Over 100 ticket applicants for the 2012 Olympics had their requests rejected when anti-fraud software blocked their transactions. 104 applicants, who successfully negotiated the Baroque ticket application process, fell at the last hurdle after Barclaycard’s security software assumed the payments were dodgy.
One applicant, lucky enough to be allocated tickets for three events worth £1,600, was unable to pay after the card company deemed the amount suspicious.
“It’s not beyond the wit of man for Barclaycard to expect there to be a large number of quite hefty demands on their cards around this time to that particular payee,” he told the BBC.
Barclaycard has admitted human error, apologised to customers affected, and taken steps to stop it happening again. Payment will now be sought at a later date.
Meanwhile, those who aren’t affected by such anomalies should check their bank balance at the end of today, the last date when (in theory) money for tickets will be withdrawn from accounts.

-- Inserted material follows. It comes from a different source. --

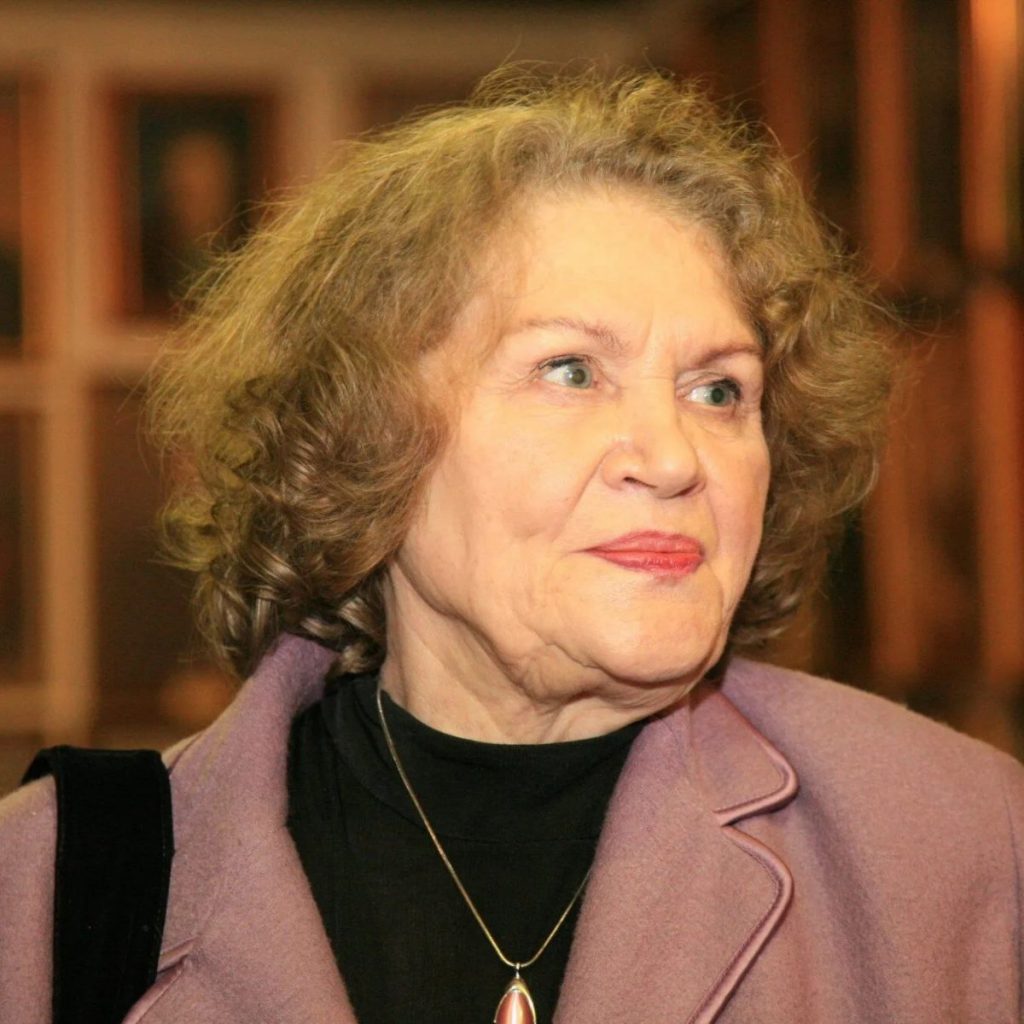 Ліна Костенко Біографія: Життя, Творчість та Вплив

You won’t find out which events you’re going to until mid-June, however, unless the sums withdrawn make it obvious.
Organisers say that the vast majority of households with applications were at least partially successful. Estimates suggest only one in seven attempts were futile.
But that’s not quite the end. Some events were undersubscribed, and seats remain after this first bout of ticket allocation. Those who were completely overlooked this time round will have priority when these unfilled seats are dished out (by first-come-first-served) later in the year.